After the starting moisture level is determined, one can calculate the drying time and temperature. Grain that is high in moisture may require higher heating temperatures and longer drying times. Conversely, low moisture kernels do not need as long a drying time and may achieve the appropriate moisture level at lower temperatures.
The next goal is to make sure moisture does not migrate during storage, causing mold or fungus to grow and spread. The easiest way to prevent moisture from occurring is to completely cool the grain to an ambient temperature in the dryer, or cooling the grain in the storage bin after leaving the dryer. Portable dryers are capable of fulfilling several different drying needs. They can dry and cool the grain within the dryer or use full heat to dry the commodity, which then requires the grain to cool in a storage bin.
— Ed Benson
When grain first comes out of the dryer in full heat mode, it’s about 130 F and 17% corrected moisture. Cooling the grain utilizing a ½-cfm airflow in the storage bin should achieve a final moisture of 15%. Once it cools to ambient temperature, it’s ready to be stored until it’s sold or used.
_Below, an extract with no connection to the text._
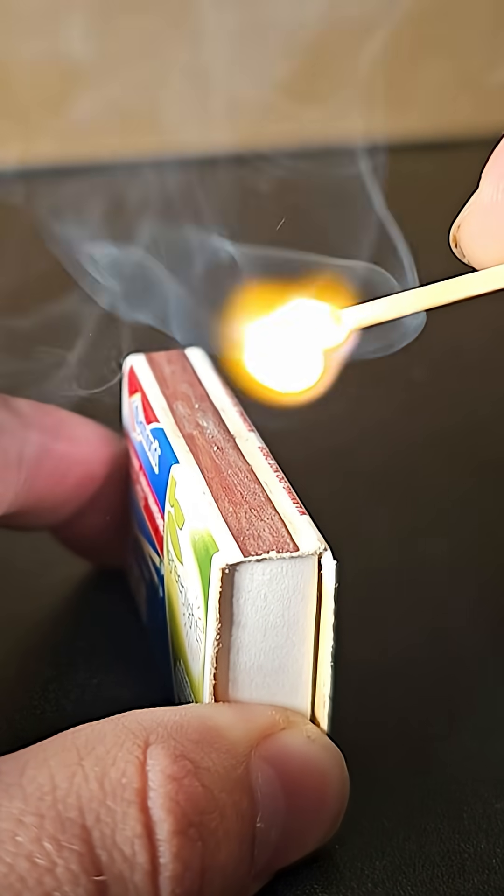First, here's a matchstick striking a matchbox. I did briefly forget that fire was hot here, but I was fine and the shot looks great in slow motion, so it was well worth it.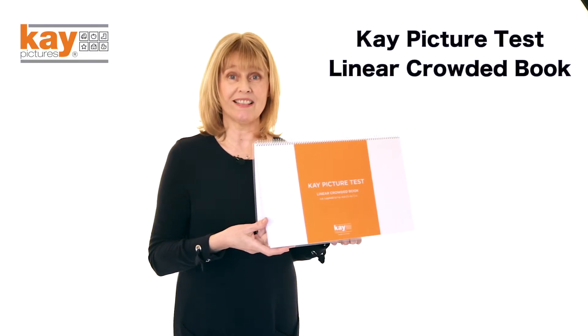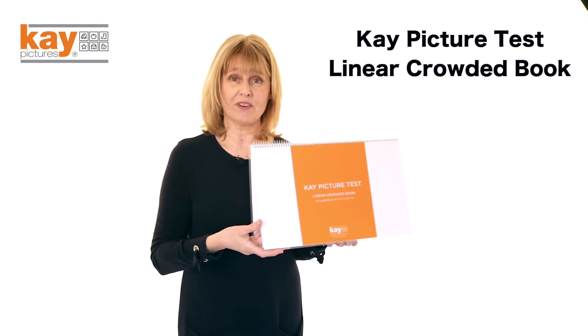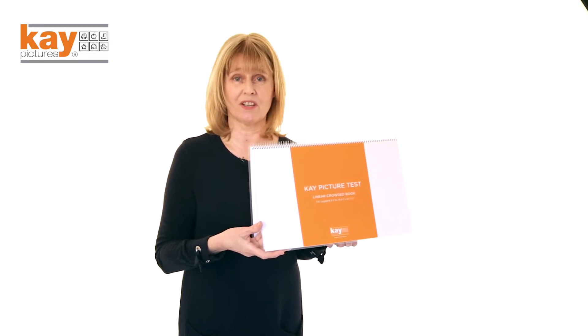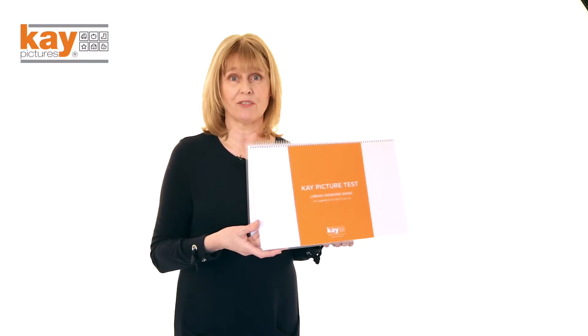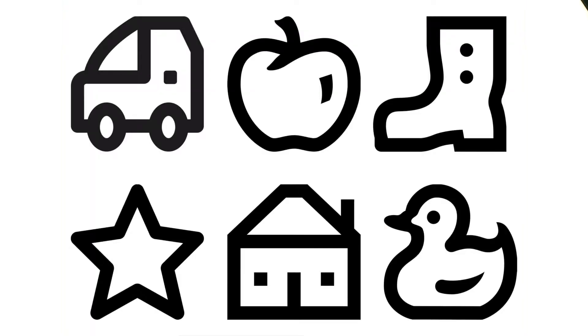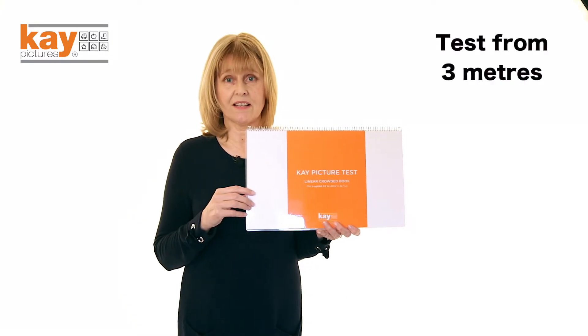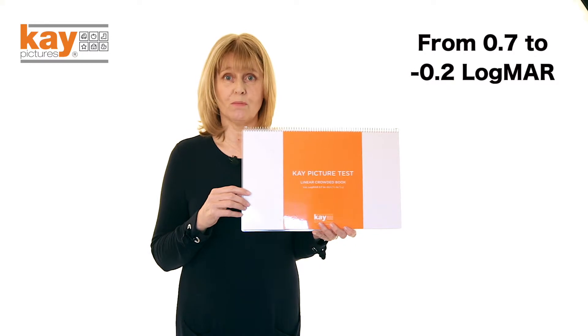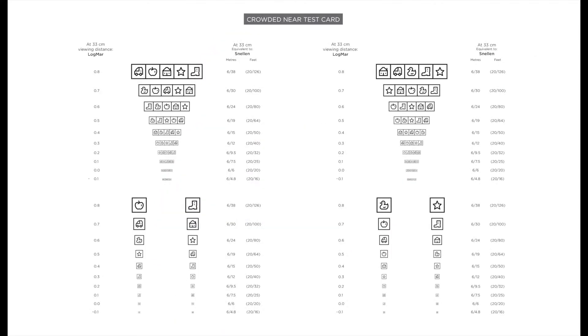This is the K-Picture Test linear crowded book for measuring the visual acuity of pre-literate children from about 36 months of age and for older children and adults with a learning difficulty. It uses these six validated picture optotypes arranged in the book in rows of five. It's a three meter distance test and the sizes go from 0.7 to minus 0.2. There is also a near test card included. All the sizes are displayed in Snellen meters and feet.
Mills and elevators know that it is not enough to simply house the commodity; they must ensure the product doesn’t lose any quality while waiting to be used or shipped. Whether long term (three months or longer) or short term (anything less than three months), grain must be properly stored to prevent spoilage from occurring. Temporary storage is commonly resorted to when bin space is limited and other large vacant areas are available nearby the harvest location. However, Ed Benson, general sales manager at Chief Agri-Industries, warns that temporary storage may, in some instances, promote spoilage.